┌─ Material provided

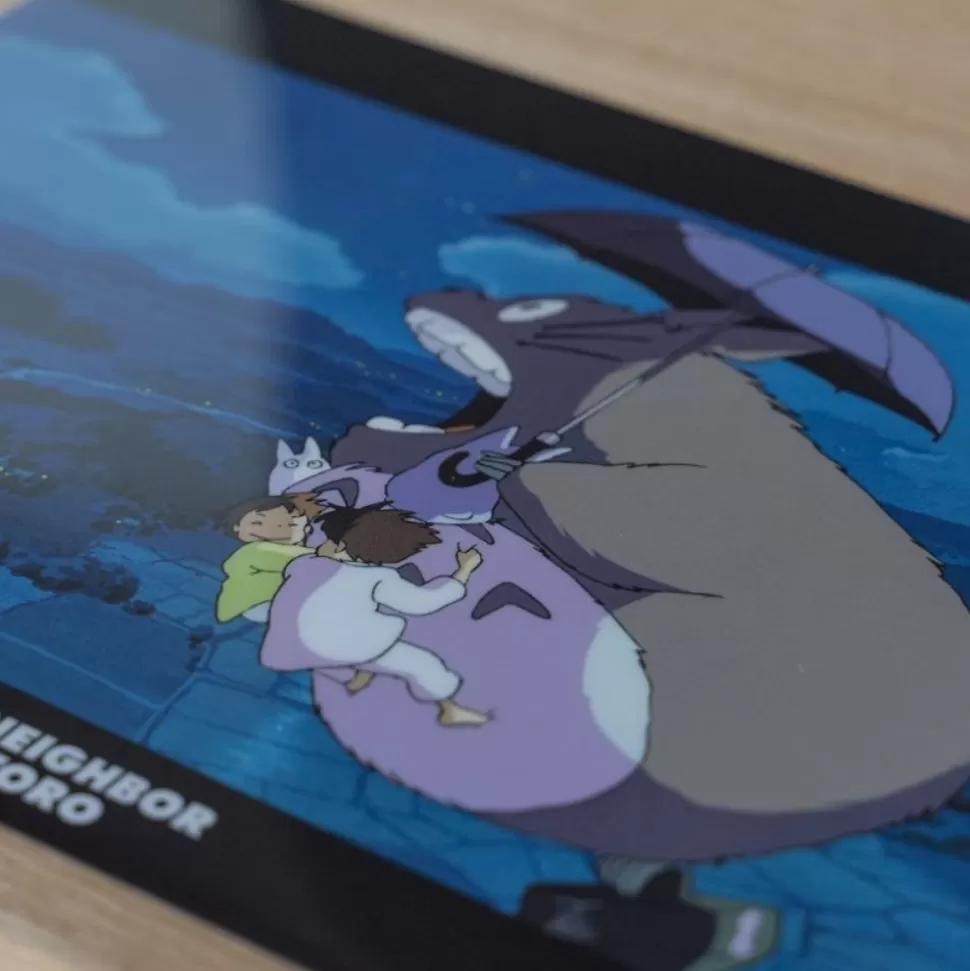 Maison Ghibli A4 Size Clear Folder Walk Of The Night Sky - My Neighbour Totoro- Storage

└─
┌─ Material provided

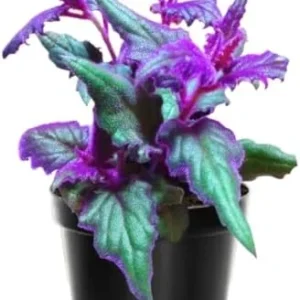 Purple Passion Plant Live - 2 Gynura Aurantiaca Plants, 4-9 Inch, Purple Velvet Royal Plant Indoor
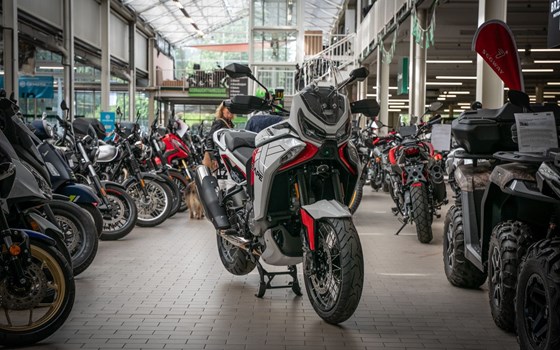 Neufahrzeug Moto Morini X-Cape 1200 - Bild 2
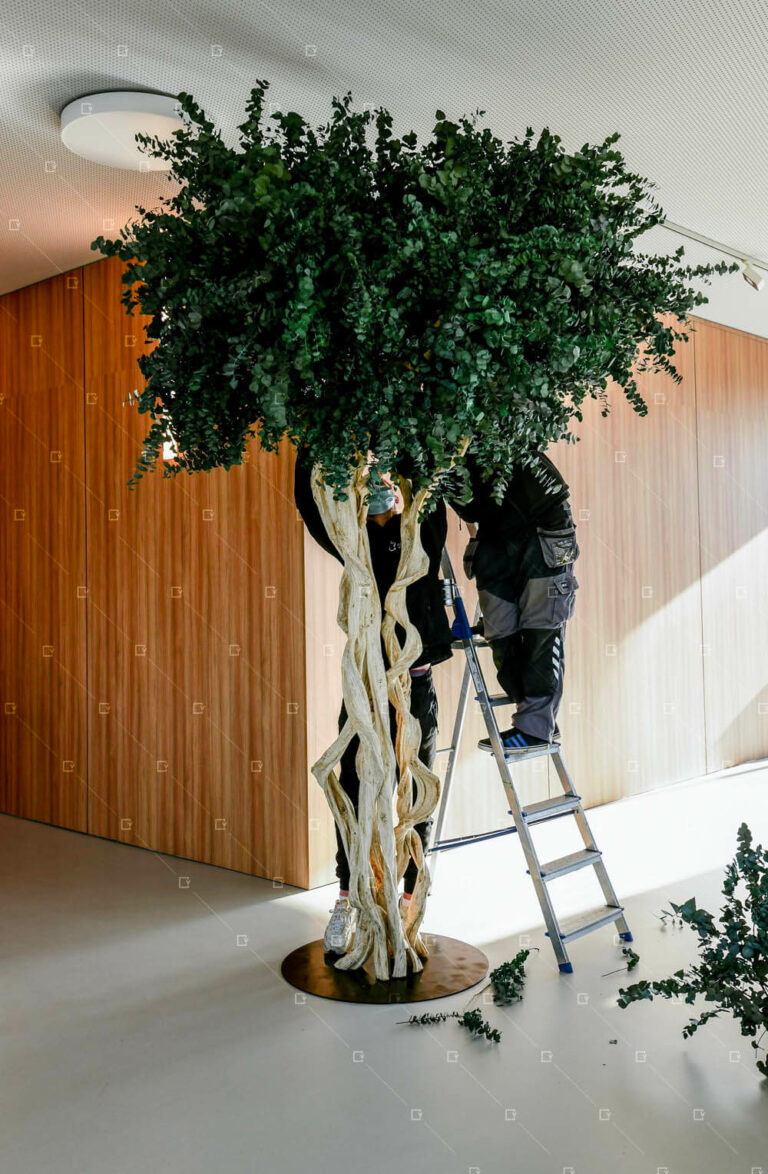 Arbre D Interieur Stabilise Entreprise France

└─
┌─ Material provided

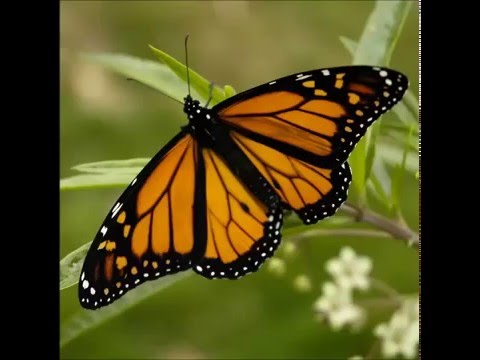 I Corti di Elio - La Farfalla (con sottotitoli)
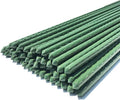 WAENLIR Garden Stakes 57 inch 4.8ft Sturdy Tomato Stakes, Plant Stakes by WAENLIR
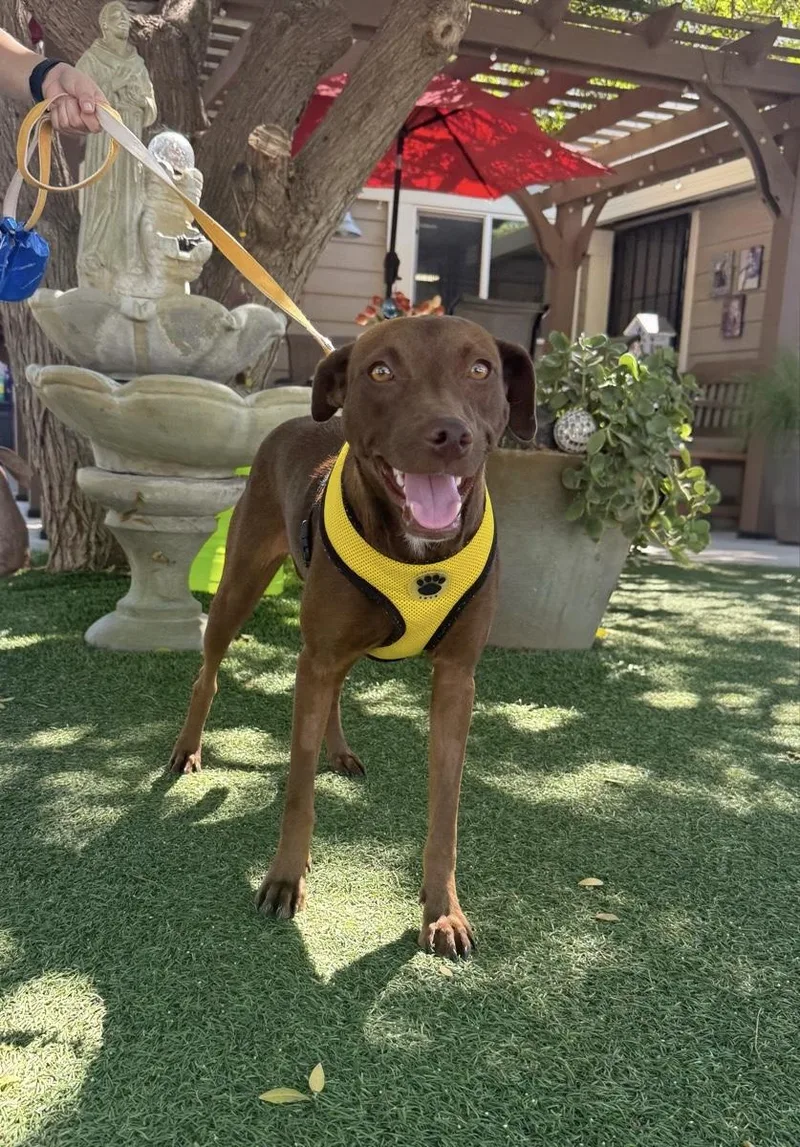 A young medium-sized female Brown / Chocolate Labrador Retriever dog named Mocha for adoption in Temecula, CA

└─

▶ Required work
Because only one stretch of the records is wanted, please output the lines from the one holding "Neufahrzeug Moto Morini X-Cape 1200 - Bild 2" through the one holding "Arbre D Interieur" exactly, both included, and leave every picture out.

▶ Written answer
 Neufahrzeug Moto Morini X-Cape 1200 - Bild 2
 Arbre D Interieur Stabilise Entreprise France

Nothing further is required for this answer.